Hornets Wedding (music theatre)

by Mark Dunbar (2003)

Work Overview

On the eve of Federation a wedding is celebrated in a country church. As Australia, the wild, maiden country comes of age through its betrothal to a maturing sense of sovereignty, so a second generation of Australian-born colonials grapples with the ghosts and wounds of battles past whose brazen brutalities must, for the sake of a seemly accord, be expunged from the public record.

​As the community gathers to deliver up a daughter to her future, mementoes of lineage link the present with the past. ​But an old inebriate at the chapel door reveals himself as ​Westie, the bride's estranged uncle, who as a boy survived a brutal bludgeoning at the hands of local blacks as they slaughtered his mother and sisters.

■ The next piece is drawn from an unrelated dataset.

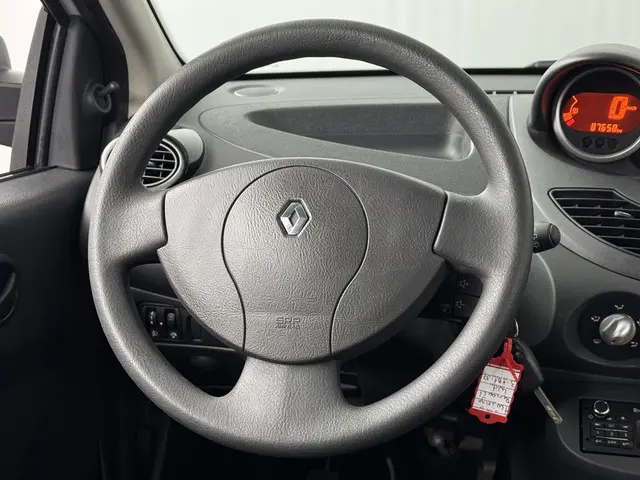Renault Twingo 1.2 16V Parisienne 2014 Benzine 29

The terrible crime triggered more terrible, and indiscriminate, reprisals that ultimately extirpated the Yiman as an aboriginal nation. Now from the edge of chaos, Westie returns to disrupt the nuptials as the heckling face of madness, memory and reconciliation.

A large-scale choral work of 20 songs and spoken dialogue, Hornets Wedding describes an imagined family showdown that arises from the historic 1856 massacre of Hornet Bank Station and ​the Yiman genocide that followed.​

Work Details

Year: 2003

Instrumentation: 9 actor/singers, SATB chorus, 3 celli, on-stage acoustic guitar, tenor drum (optional).

Duration: 100 min.

Difficulty: Advanced

Commission note: Commissioned by Brisbane Canto Coro in 2002

First performance: by Canto Coro, Mark Dunbar — 24 Jul 03. St Andrews Church, West End, Brisbane

The composer notes the following styles, genres, influences, etc associated with this work:
music theatre, musical, aborigines, Australian history

Book & lyrics by Indija Mahjoeddin.

Performances of this work

24 Jul 03: St Andrews Church, West End, Brisbane. Featuring Canto Coro, Mark Dunbar.